An autoimmune condition affecting the eyes in patients with thyroid problems, causing bulging eyes, double vision, and rarely vision-threatening complications.
Thyroid eye disease (TED), also called Graves' orbitopathy or thyroid-associated orbitopathy, is an autoimmune inflammatory condition affecting the eyes. It usually occurs in people with Graves' disease (hyperthyroidism) but can occur with other thyroid conditions or even normal thyroid function.
Key Takeaways
- Usually associated with Graves' disease (hyperthyroidism) but can occur with normal thyroid
- Symptoms: bulging eyes, eyelid retraction, double vision, dry eye
- Has active and stable phases—treatment depends on which phase
- Smoking significantly worsens the disease—quitting is essential
- New treatment (teprotumumab) is now available for active disease
- Can threaten vision if optic nerve is compressed—requires urgent treatment
Understanding Thyroid Eye Disease
In TED, antibodies that attack the thyroid also attack tissues around the eyes. This causes:
- Swelling of eye muscles and fat behind the eye
- Eyes pushed forward (proptosis)
- Eyelids retracted (pulled back)
- Restricted eye movement causing double vision
Phases of TED
Active Phase
- Inflammatory changes occurring
- Symptoms may be progressing or fluctuating
- Eyes may be red, puffy, uncomfortable
- Duration: typically 1-3 years (sometimes longer in smokers)
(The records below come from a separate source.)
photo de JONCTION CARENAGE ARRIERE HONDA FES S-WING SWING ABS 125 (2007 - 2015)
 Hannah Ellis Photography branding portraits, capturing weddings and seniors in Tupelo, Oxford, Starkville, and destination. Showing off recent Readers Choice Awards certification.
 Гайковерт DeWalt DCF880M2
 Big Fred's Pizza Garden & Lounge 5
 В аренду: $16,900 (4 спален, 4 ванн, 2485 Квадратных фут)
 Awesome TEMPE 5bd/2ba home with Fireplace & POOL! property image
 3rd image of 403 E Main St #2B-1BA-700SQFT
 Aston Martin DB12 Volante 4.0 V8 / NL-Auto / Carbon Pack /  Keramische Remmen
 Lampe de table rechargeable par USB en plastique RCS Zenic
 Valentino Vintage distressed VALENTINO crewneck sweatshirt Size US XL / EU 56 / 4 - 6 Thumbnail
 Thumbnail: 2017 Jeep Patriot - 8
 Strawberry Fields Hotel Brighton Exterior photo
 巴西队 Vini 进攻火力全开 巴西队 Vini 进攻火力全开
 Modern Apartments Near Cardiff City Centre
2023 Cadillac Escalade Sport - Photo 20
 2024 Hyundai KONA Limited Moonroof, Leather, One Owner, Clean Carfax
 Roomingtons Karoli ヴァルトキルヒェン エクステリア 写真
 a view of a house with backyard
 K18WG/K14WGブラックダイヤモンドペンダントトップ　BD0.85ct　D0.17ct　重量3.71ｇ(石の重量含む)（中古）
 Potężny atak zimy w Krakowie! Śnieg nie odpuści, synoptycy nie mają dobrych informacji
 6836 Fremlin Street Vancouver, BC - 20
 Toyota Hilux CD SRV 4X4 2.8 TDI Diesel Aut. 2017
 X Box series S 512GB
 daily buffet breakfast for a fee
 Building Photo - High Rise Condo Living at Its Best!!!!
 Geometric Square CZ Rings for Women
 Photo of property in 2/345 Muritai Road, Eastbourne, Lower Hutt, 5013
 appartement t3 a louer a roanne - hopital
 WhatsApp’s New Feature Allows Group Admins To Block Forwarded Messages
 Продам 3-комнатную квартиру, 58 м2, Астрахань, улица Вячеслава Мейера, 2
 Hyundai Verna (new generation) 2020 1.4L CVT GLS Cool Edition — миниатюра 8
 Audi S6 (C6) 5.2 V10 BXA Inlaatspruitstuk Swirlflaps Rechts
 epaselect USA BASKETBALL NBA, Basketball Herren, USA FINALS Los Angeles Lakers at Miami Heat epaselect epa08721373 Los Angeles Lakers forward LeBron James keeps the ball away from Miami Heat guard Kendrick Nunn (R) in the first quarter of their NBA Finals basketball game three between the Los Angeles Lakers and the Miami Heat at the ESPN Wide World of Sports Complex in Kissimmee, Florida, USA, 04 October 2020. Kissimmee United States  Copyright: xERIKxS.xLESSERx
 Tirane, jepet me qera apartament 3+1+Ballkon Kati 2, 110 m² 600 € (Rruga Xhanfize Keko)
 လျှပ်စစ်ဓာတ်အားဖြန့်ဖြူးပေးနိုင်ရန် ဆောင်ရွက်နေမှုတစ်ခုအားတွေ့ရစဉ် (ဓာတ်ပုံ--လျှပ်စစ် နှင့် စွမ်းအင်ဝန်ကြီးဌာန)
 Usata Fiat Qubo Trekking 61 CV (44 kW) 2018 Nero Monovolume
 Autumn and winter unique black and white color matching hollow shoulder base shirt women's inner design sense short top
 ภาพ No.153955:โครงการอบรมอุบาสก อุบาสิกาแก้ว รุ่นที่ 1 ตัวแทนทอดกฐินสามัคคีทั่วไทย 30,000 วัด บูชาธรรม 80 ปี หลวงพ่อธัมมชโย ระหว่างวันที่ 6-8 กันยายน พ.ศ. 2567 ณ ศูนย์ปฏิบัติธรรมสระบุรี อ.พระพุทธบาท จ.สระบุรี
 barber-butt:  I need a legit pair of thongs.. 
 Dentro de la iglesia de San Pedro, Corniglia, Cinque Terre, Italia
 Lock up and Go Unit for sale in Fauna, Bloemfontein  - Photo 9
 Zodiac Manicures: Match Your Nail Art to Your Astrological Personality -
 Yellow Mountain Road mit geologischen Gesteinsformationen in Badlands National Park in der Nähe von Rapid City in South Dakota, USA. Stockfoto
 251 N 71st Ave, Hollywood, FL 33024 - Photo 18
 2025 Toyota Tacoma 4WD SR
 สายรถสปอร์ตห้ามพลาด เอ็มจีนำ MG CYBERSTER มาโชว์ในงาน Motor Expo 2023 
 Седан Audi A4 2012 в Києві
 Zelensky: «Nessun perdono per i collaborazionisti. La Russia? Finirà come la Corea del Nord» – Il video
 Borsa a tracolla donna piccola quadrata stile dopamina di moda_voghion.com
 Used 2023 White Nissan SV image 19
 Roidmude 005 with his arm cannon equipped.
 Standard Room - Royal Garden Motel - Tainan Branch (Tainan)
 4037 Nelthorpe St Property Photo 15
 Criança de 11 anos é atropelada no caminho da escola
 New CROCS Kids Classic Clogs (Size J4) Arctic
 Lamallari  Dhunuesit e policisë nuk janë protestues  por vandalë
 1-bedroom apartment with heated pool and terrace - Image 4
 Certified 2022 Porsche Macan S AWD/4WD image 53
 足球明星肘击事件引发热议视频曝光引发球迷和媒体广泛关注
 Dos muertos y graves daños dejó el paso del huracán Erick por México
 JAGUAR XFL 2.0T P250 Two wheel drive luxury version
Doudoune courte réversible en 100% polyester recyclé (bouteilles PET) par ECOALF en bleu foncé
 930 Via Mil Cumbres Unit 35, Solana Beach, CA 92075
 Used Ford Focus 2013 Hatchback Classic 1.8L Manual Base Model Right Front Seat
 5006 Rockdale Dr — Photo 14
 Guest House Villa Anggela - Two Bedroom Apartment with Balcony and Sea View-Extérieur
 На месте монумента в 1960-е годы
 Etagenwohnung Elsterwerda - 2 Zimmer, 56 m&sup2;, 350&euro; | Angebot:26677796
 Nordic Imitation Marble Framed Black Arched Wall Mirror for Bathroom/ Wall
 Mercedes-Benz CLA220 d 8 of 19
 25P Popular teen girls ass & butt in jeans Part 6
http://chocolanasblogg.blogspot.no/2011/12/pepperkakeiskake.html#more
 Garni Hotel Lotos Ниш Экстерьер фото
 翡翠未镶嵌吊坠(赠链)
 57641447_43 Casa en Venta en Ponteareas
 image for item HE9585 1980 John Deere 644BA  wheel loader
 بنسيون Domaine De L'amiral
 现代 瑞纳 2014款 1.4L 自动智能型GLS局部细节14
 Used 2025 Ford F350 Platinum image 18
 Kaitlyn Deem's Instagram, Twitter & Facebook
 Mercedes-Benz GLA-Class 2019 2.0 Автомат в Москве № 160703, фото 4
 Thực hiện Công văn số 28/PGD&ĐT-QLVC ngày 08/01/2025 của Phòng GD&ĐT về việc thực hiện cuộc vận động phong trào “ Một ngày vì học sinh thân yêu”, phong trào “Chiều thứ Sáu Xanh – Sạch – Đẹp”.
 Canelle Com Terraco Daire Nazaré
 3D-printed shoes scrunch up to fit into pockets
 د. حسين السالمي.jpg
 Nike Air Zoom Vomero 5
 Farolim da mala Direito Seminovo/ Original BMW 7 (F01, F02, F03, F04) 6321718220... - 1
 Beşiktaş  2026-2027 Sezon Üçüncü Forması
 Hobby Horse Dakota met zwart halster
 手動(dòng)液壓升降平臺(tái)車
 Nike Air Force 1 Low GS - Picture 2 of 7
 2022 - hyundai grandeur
- This is when anti-inflammatory treatment is most effective
Stable Phase
- Inflammation has "burned out"
- Changes stabilized but may have permanent effects
- No longer actively progressing
- Surgical rehabilitation can be considered
Symptoms
Appearance Changes
- Proptosis (bulging eyes)
- Eyelid retraction—upper lid pulled up, showing white above iris ("stare")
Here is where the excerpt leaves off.